Rather than name-calling, Premier Wynne should take responsibility for her government’s minimum wage policy
Ontario Premier Kathleen Wynne recently accused Tim Hortons franchise owners of being bullies for reducing employee benefits in response to the province’s sharp minimum wage hike. This sentiment is echoed by others who have called for a boycott of the restaurant.
But instead of calling Ontario employers names, Premier Wynne should accept responsibility for this unintended-yet-predictable consequence of her government’s policy to raise the minimum wage by 21 per cent on January 1, from $11.60 to $14.
After all, this is not an isolated incident. Other businesses are also cutting benefits and recent media reports have shown multiple other ways businesses are responding including reducing staff, cutting hours, raising prices and increasing automation.
The reason is straightforward. When the cost for low-skilled labour artificially increases (in this case, by government mandate), without a commensurate increase in worker productivity, businesses will inevitably respond by finding ways to reduce labour costs or pass costs on to customers. In other words, when the price of something rises with no quality improvement, people tend to buy less of it. This is true for business owners and their expenses, just like consumers of goods and services.
Indignation on the part of the premier runs a little thin given that her government knew businesses were likely to reduce benefits in response a minimum wage increase. Or at least the government ought to have known since it was explicitly mentioned by their 2014 advisory panel on the minimum wage.
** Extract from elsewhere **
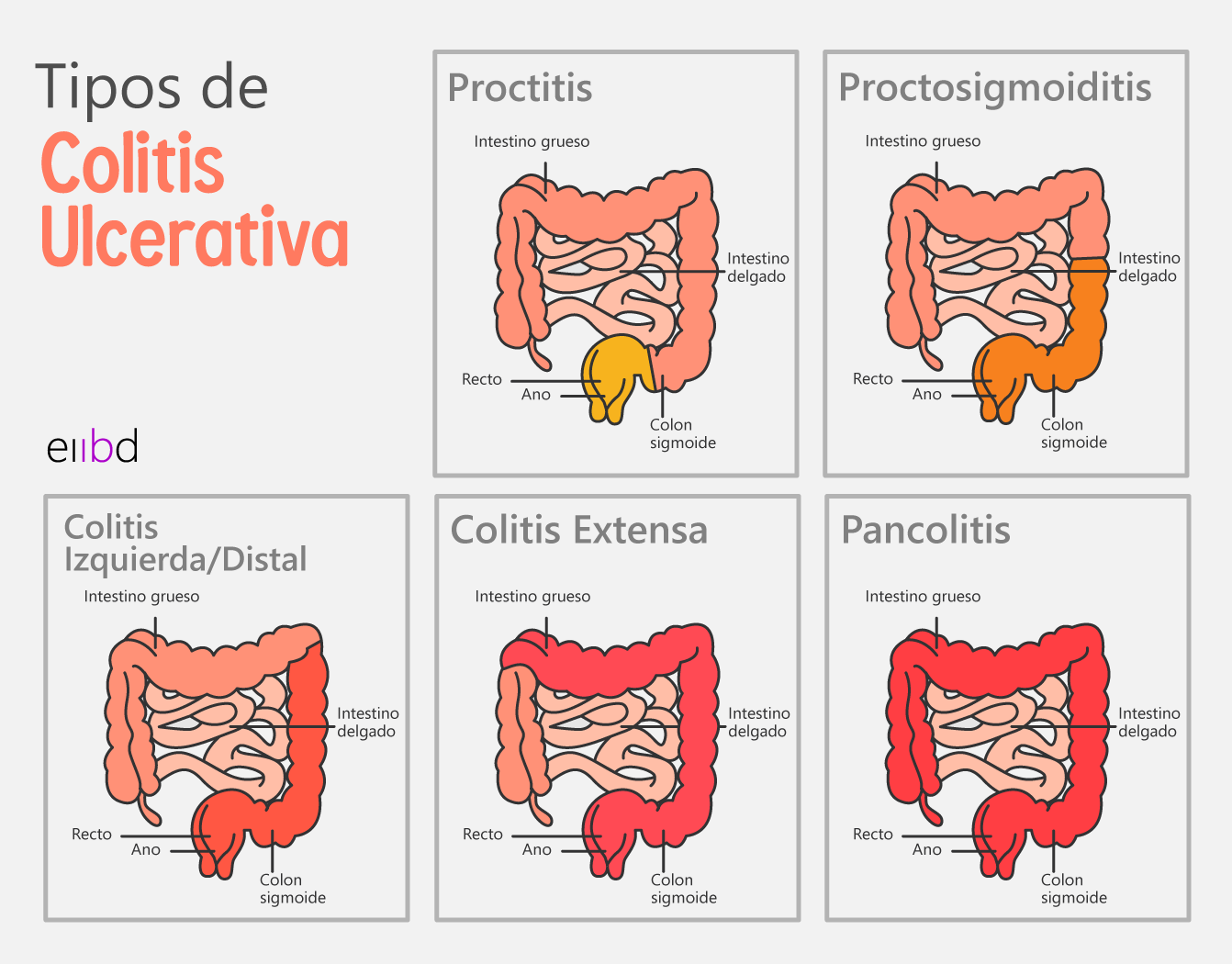 Tipos de CUCI y Síntomas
When discussing the likely outcomes of a minimum wage hike, that panel, which included business and labour representatives noted: “[Employers] could reduce non-wage labour costs such as fringe benefits or hours worked or expenditures on on-the-job training and development opportunities for minimum wage workers.”
In other words, the advisory panel warned the Wynne government that businesses would do exactly what they have done: cut benefits to pay for the government-mandated wage increases.
The panel also warned of job losses among young and low-skilled workers: “In the Canadian context, researchers have generally found an adverse employment effect of raising minimum wages especially for young workers… Typically those studies find that teen employment would drop by 3-6 per cent if the minimum wage is raised by 10 per cent.”
Indeed, this is a recurring finding in multiple research studies that have examined the employment effects of past minimum wage hikes in Canada.
Premier Wynne also said that if employers “want to pick a fight, pick that fight with me not the people who are working at the service window of the stores.” While it isn’t clear that the business owners are picking a fight with anyone, Premier Wynne’s government should be held accountable for the unintended-yet-predictable consequences of its policy.